**Instructions for the task**
Write out the entries again. Match each one exactly.
*** Opening of Provided data ***
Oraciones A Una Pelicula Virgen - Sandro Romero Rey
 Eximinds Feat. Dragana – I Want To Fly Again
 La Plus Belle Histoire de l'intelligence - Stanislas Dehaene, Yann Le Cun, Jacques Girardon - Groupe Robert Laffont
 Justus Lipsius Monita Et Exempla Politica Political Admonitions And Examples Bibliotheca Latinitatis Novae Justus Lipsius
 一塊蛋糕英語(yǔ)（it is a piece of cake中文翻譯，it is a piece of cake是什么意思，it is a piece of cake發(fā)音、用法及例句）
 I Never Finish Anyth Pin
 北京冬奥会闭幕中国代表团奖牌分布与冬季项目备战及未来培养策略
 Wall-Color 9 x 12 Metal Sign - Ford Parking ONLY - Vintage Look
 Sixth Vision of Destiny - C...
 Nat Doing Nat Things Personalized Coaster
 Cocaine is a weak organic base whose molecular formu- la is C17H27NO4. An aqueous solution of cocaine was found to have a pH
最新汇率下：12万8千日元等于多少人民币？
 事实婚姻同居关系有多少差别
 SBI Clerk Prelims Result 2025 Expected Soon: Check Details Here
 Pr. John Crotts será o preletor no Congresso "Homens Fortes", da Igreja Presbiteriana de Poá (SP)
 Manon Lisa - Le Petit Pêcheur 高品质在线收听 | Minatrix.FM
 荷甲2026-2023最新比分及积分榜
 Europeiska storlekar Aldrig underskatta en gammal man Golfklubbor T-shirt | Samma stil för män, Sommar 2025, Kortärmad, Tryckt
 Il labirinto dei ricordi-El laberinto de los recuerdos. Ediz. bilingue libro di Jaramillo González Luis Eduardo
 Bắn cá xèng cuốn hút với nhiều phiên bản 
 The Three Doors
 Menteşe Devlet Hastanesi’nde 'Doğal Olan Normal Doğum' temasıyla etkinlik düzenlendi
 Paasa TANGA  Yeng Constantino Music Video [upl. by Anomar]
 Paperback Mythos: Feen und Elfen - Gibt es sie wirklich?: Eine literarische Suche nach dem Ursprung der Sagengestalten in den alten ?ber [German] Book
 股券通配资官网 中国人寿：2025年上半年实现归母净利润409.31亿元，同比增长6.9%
*** Close of Provided data ***
**Your response**
Oraciones A Una Pelicula Virgen - Sandro Romero Rey
 Eximinds Feat. Dragana – I Want To Fly Again
 La Plus Belle Histoire de l'intelligence - Stanislas Dehaene, Yann Le Cun, Jacques Girardon - Groupe Robert Laffont
 Justus Lipsius Monita Et Exempla Politica Political Admonitions And Examples Bibliotheca Latinitatis Novae Justus Lipsius
 一塊蛋糕英語(yǔ)（it is a piece of cake中文翻譯，it is a piece of cake是什么意思，it is a piece of cake發(fā)音、用法及例句）
 I Never Finish Anyth Pin
 北京冬奥会闭幕中国代表团奖牌分布与冬季项目备战及未来培养策略
 Wall-Color 9 x 12 Metal Sign - Ford Parking ONLY - Vintage Look
 Sixth Vision of Destiny - C...
 Nat Doing Nat Things Personalized Coaster
 Cocaine is a weak organic base whose molecular formu- la is C17H27NO4. An aqueous solution of cocaine was found to have a pH
最新汇率下：12万8千日元等于多少人民币？
 事实婚姻同居关系有多少差别
 SBI Clerk Prelims Result 2025 Expected Soon: Check Details Here
 Pr. John Crotts será o preletor no Congresso "Homens Fortes", da Igreja Presbiteriana de Poá (SP)
 Manon Lisa - Le Petit Pêcheur 高品质在线收听 | Minatrix.FM
 荷甲2026-2023最新比分及积分榜
 Europeiska storlekar Aldrig underskatta en gammal man Golfklubbor T-shirt | Samma stil för män, Sommar 2025, Kortärmad, Tryckt
 Il labirinto dei ricordi-El laberinto de los recuerdos. Ediz. bilingue libro di Jaramillo González Luis Eduardo
 Bắn cá xèng cuốn hút với nhiều phiên bản 
 The Three Doors
 Menteşe Devlet Hastanesi’nde 'Doğal Olan Normal Doğum' temasıyla etkinlik düzenlendi
 Paasa TANGA  Yeng Constantino Music Video [upl. by Anomar]
 Paperback Mythos: Feen und Elfen - Gibt es sie wirklich?: Eine literarische Suche nach dem Ursprung der Sagengestalten in den alten ?ber [German] Book
 股券通配资官网 中国人寿：2025年上半年实现归母净利润409.31亿元，同比增长6.9%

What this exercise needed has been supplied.